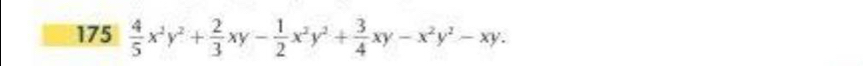 175  4/5 x^2y^2+ 2/3 xy- 1/2 x^2y^2+ 3/4 xy-x^2y^2-xy.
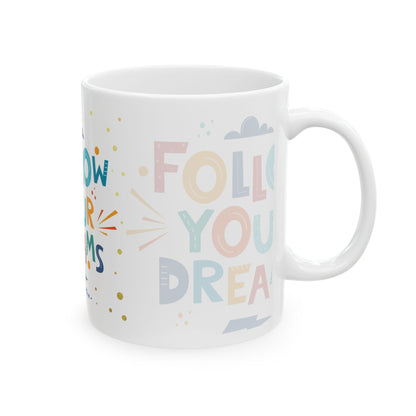 Follow Your Dreams Ceramic Mug, (11oz, 15oz)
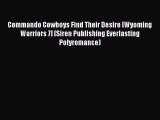 [PDF] Commando Cowboys Find Their Desire [Wyoming Warriors 7] (Siren Publishing Everlasting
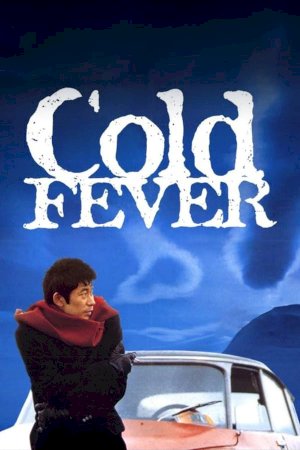 Cold Fever Cold Fever
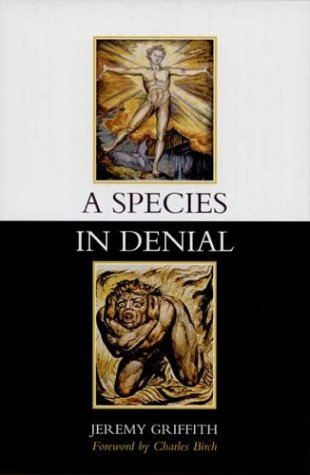 A Species In Denial Jeremy Griffith
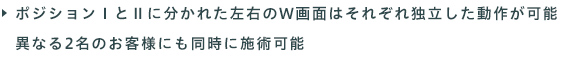 ポジションⅠ・ポジションⅡに分かれた左右のW画面は、それぞれ独立した動作が可能なので、異なる2名のお客様にも同時に施術可能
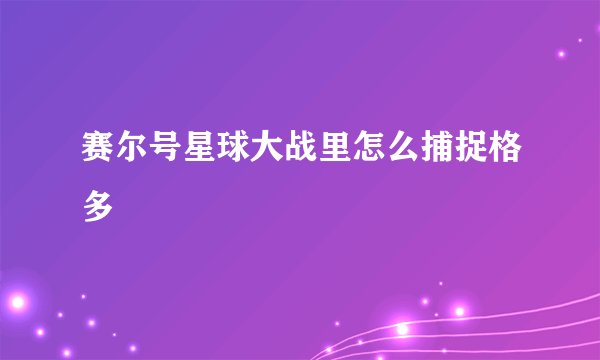 赛尔号星球大战里怎么捕捉格多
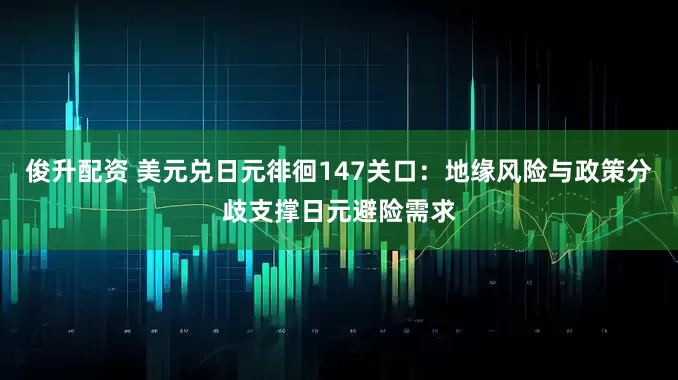 俊升配资 美元兑日元徘徊147关口：地缘风险与政策分歧支撑日元避险需求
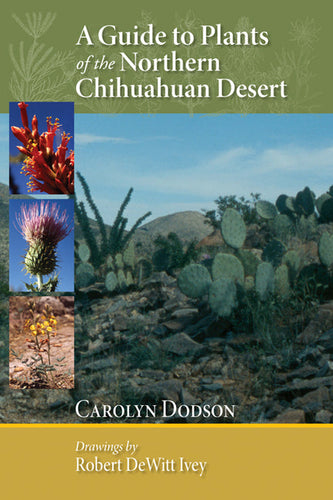 A Guide to Plants of the Northern Chihuahuan Desert - Paperback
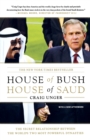 Image for House of Bush, House of Saud : The Secret Relationship Between the World&#39;s Two Most Powerful Dynasties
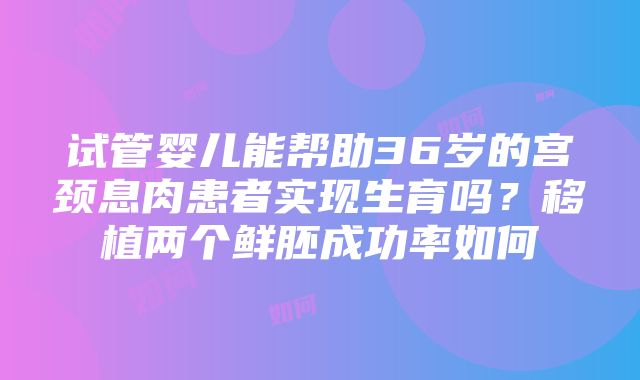 试管婴儿能帮助36岁的宫颈息肉患者实现生育吗？移植两个鲜胚成功率如何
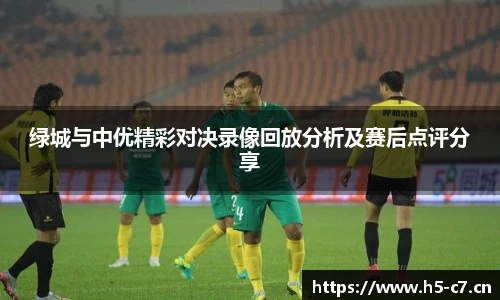 绿城与中优精彩对决录像回放分析及赛后点评分享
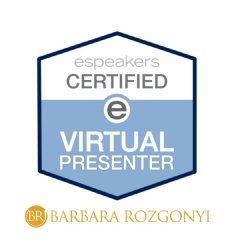 Barbara Rozgonyi is now an eSpeakers.com Certified Virtual Presenter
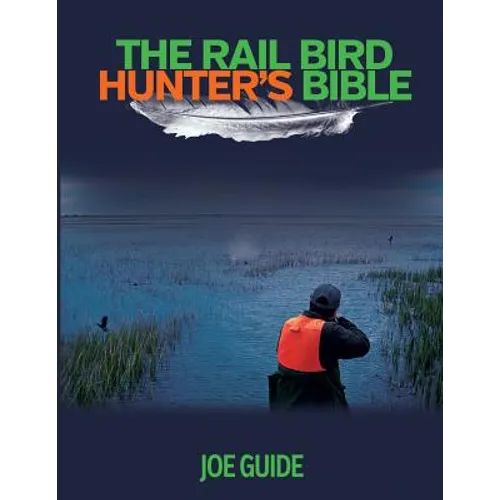 Rail Bird Hunter's Bible - Paperback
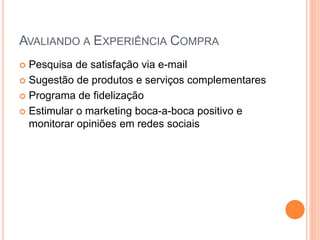 AVALIANDO A EXPERIÊNCIA COMPRA
 Pesquisa de satisfação via e-mail
 Sugestão de produtos e serviços complementares
 Programa de fidelização
 Estimular o marketing boca-a-boca positivo e
monitorar opiniões em redes sociais
 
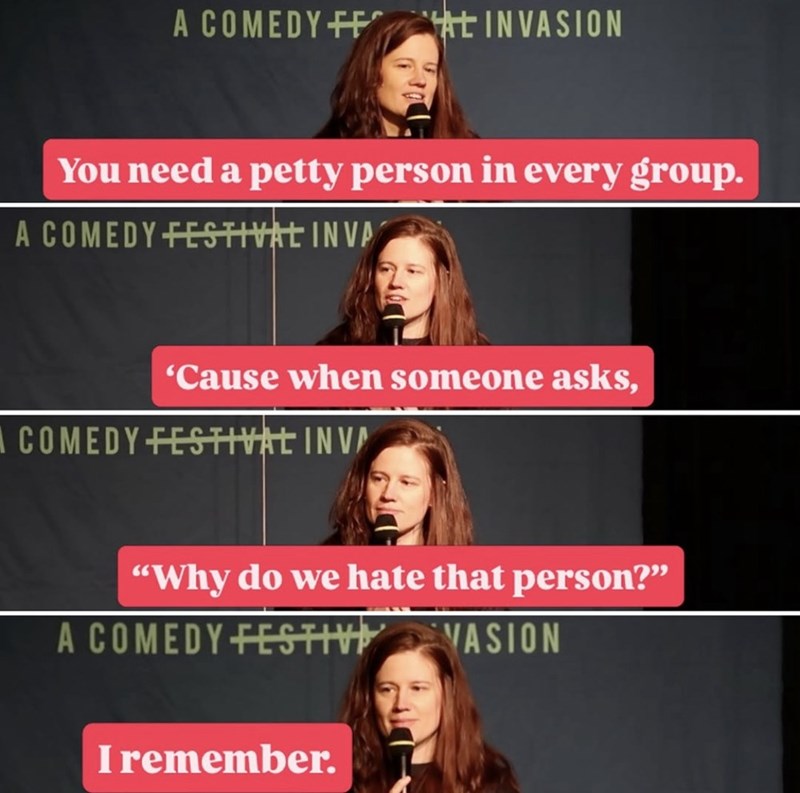 A COMEDY FF AL INVASION You need a petty person in every group. A COMEDY FESTIVAL INVA 'Cause when someone asks, A COMEDY FESTIVAL INVA "Why do we hate that person?" A COMEDY FESTIV I remember. VASION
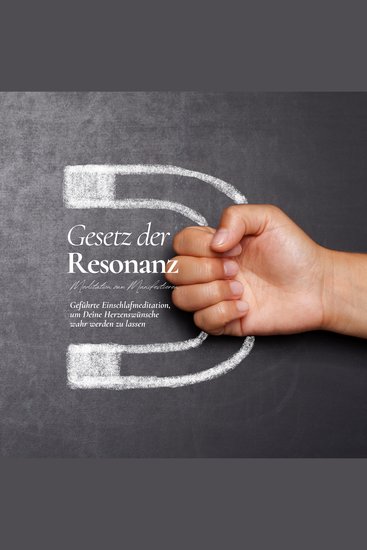 Gesetz der Resonanz - Meditation zum Manifestieren - Geführte Einschlafmeditation um Deine Herzenswünsche wahr werden zu lassen - cover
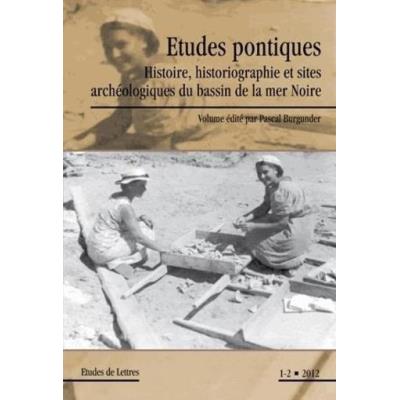 Études Pontiques , Histoire, Historiographie Et Sites Archéologiques Du Bassin De La Mer Noire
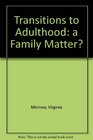 Transitions to Adulthood a Family Matter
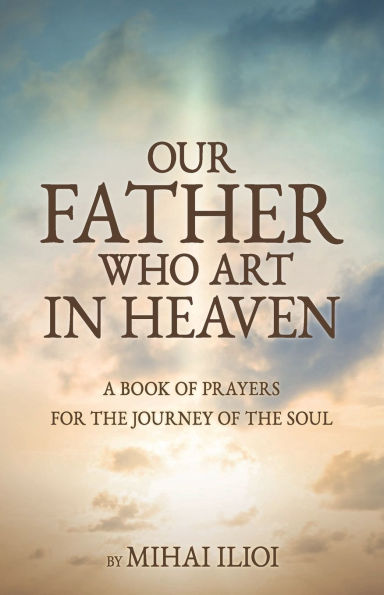 OUR FATHER WHO ART IN HEAVEN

○ ○ ○ ○

> _PROBLEM REQUIREMENTS_: Starting at the line with "俊升配资 美元兑日元徘徊147关口：地缘风险与政策分歧支撑日元避险需求", output each line through the final one of the listing above, and nothing else. Pictures are to be left out.

> _RESULT OF THE EXERCISE_:
 俊升配资 美元兑日元徘徊147关口：地缘风险与政策分歧支撑日元避险需求
 A Guide to Plants of the Northern Chihuahuan Desert - Paperback
 Image for House of Bush, House of Saud : The Secret Relationship Between the World&#39;s Two Most Powerful Dynasties
 试管婴儿能帮助36岁的宫颈息肉患者实现生育吗？移植两个鲜胚成功率如何
 绿城与中优精彩对决录像回放分析及赛后点评分享
 Barbara Rozgonyi is now an eSpeakers.com Certified Virtual Presenter
 Rail Bird Hunter's Bible - Paperback
 AVALIANDO A EXPERIÊNCIA COMPRA
 Pesquisa de satisfação via e-mail
 Sugestão de produtos e serviços complementares
 Programa de fidelização
 Estimular o marketing boca-a-boca positivo e
monitorar opiniões em redes sociais
 
 A COMEDY FF AL INVASION You need a petty person in every group. A COMEDY FESTIVAL INVA 'Cause when someone asks, A COMEDY FESTIVAL INVA "Why do we hate that person?" A COMEDY FESTIV I remember. VASION
 Gesetz der Resonanz - Meditation zum Manifestieren - Geführte Einschlafmeditation um Deine Herzenswünsche wahr werden zu lassen - cover
 Études Pontiques , Histoire, Historiographie Et Sites Archéologiques Du Bassin De La Mer Noire
 Transitions to Adulthood a Family Matter
 OUR FATHER WHO ART IN HEAVEN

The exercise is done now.